Ou alors, réellement, les auteurs francophones belges ne possèdent pas la fibre SF.

Pourtant...

Pourtant nous possédons l’une des rares bonnes chroniques SF de la presse quotidienne avec Jean-Claude Vantroyen dans “Le Soir”. Pourtant les efforts d’édition parallèle de Bernard Goorden sont couronnés de succès et sa collection “Ides et autres” s’enrichit sans cesse, entre autres avec les essais de Van Herp et l’Annuaire bibliographique qui est devenu un instrument indispensable.

Pourtant une bonne revue d’amateurs est née avec “Phénix”, qui pourrait jouer un rôle important s’il s’ouvrait davantage aux créateurs contemporains.

Pourtant les fanzines existent envers et contre tout, comme “Xuensè”.

Pourtant la critique universitaire s’intéresse au genre et produit des travaux intéressants, comme ce numéro de la “Revue de l’ULB”, Science-fiction et fiction spéculative, en 1985.

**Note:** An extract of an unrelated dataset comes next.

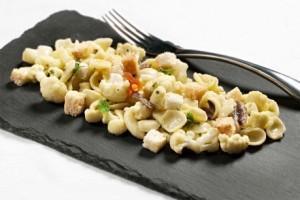 |⇨ Orecchiette con acciughe, cavolfiori e mollica di pane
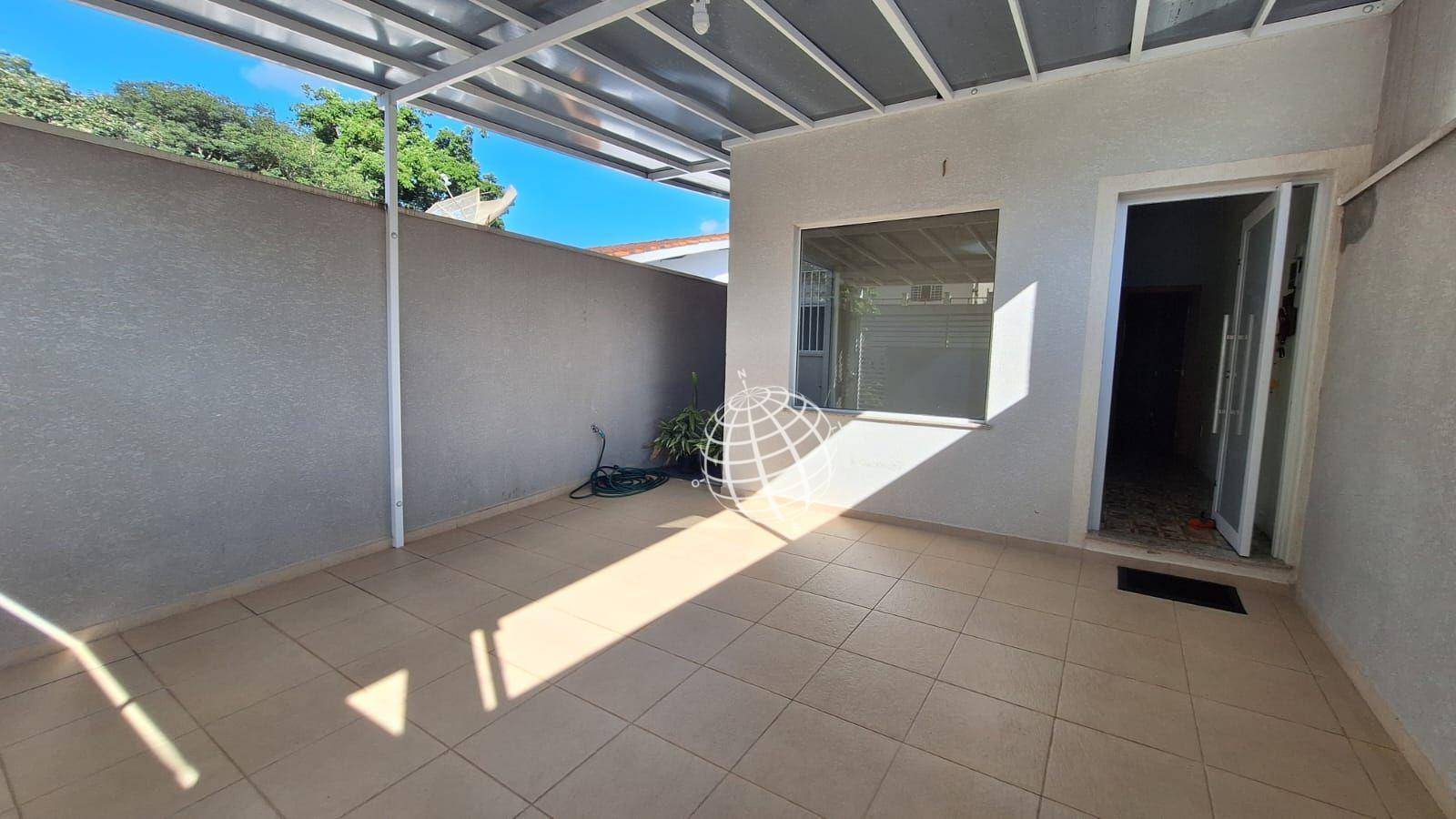 Casa à venda com 3 quartos, 192m² - Foto 14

Pourtant, donc, le potentiel est là.

Ou reste la science-fiction belge ?

Note

Les cinq collections du Rayon SF :

- "Le roman scientifique", Éd. Polmoss, Bruxelles, 1913.
- "Bibliothèque Marabout-SF", Éd. Gérard, Verviers, 1960-1981.
- "Autres temps, autres mondes", Éd. Casterman, Tournai, 1963-1983 (dirigée par Alain Dorémieux à partir de 1971).
- "Poche 2000", Éd. Gérard, Verviers, 1974-1975.
- "Travelling sur le futur", Éd. Duculot, Gembloux, 1977-1981.

Les soixante-trois auteurs :

Frank Andriat, Ann et Gwen, Luc D’Arcourt, Ed. Augay, Jean-Baptiste Baronian (donné comme français !), Paul Bay, Benoit Becker (en fait un demi auteur : José-André Lacour, l’autre moitié étant J.C. Carrière), Walter Beckers, Henri Certigny, Albert et Jean Crémieux, Alain Dartevelle, Dellfos (pseudo de Losfeld), Henri Delmotte, Jean Doutreligne (pseudo de Léon Degrelle), Raymond Duesberg, André Fernez, Hector Fleischmann, Pierre Goemare, Vincent Goffart, Paul Hanost, Stéphane Hautem, Franz Hellens, René Hensenne, Marie-José Hervyns, Michel Jansen (pseudo de Jacques Van Herp), Henry Kistemaeckers, Francy Lacroix, Emma Lambotte, Gérard Lemaire, Jac Léomar, François Léonard, Carlos Leruitte, Maurice Maeterlinck, Bernard Manier, Marcel Marien, Raymond Mottart, Jean Muno (donné comme français !), Pierre Nothomb, Alex Pasquier, Jacques Pierroux, Gérard Prévot (sous le pseudo de Red Port), Henri-Jacques Proumen, Jean Ray, Anne Richter, Dominique Rolin, Rosny Aîné, Jean Sadyn, M.L. Servranckx, Georges Simenon (sous le pseudo de Georges Sim), Jean-Claude Smit Le Bénédicte, Philippe Sonet, Stanislas-André Steeman, Jacques Sterneberg, Marcel Thiry, L. Marie Thylienne, Ege Tilms, Albert T’Serstevens, Jean-Gaston Vandel, Yves Varende, Henri Vernes, Florent Villois et Monique Watteau.